Your reply should contain nothing except the lines from the one with "Norwegian mountains seen" through the end of the listing below, reproduced exactly and stripped of pictures.

◇ ◇ ◇

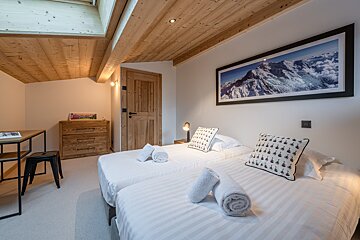 A bedroom with two beds and a picture of a mountain on the wall
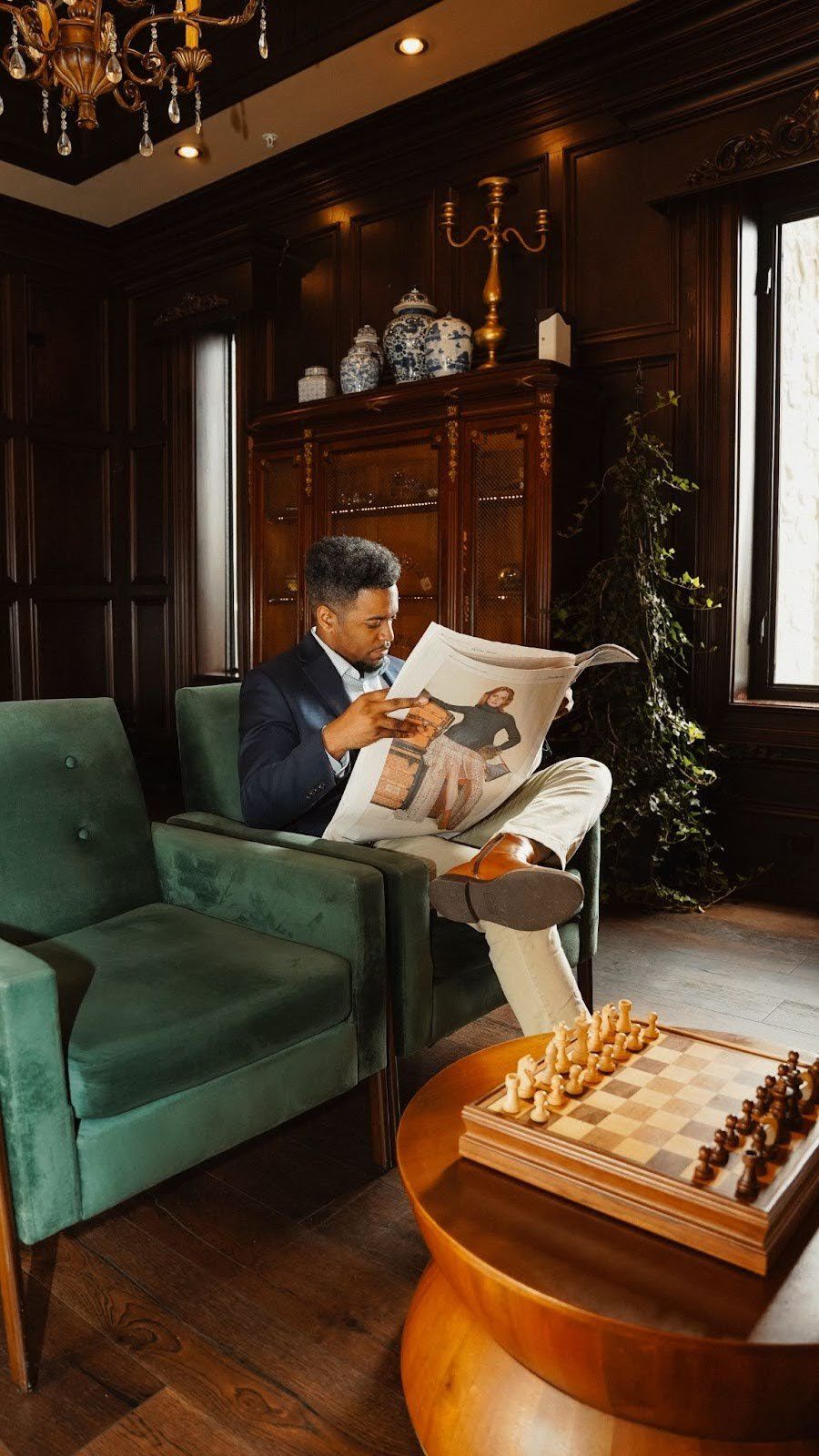 Man in a suit reads newspaper in a wood-paneled room, seated in a green armchair near a chess board.
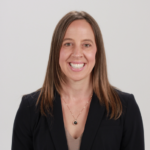 Woman with long brown hair in a black blazer on white background.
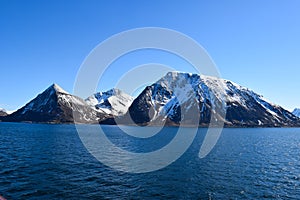 Norwegian mountains seen from the sea. Above the Arctic Circle.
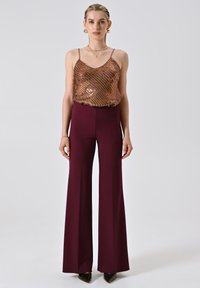 Donna che indossa un top senza maniche in bronzo con paillettes, pantaloni larghi bordeaux a vita alta, orecchini d'oro, collana e scarpe nere a punta.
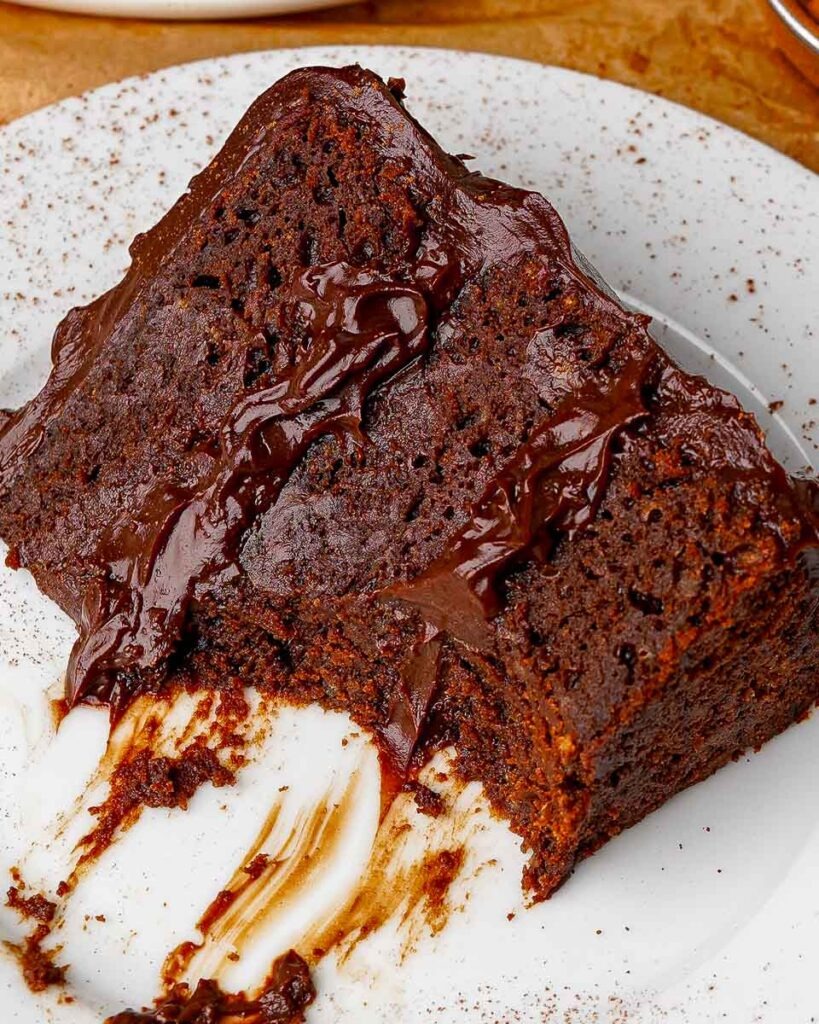 A slice of six ingredient death by chocolate cake with a piece missing.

◇ ◇ ◇

Task answer =>
 Norwegian mountains seen from the sea. Above the Arctic Circle.
 Donna che indossa un top senza maniche in bronzo con paillettes, pantaloni larghi bordeaux a vita alta, orecchini d'oro, collana e scarpe nere a punta.
 A slice of six ingredient death by chocolate cake with a piece missing.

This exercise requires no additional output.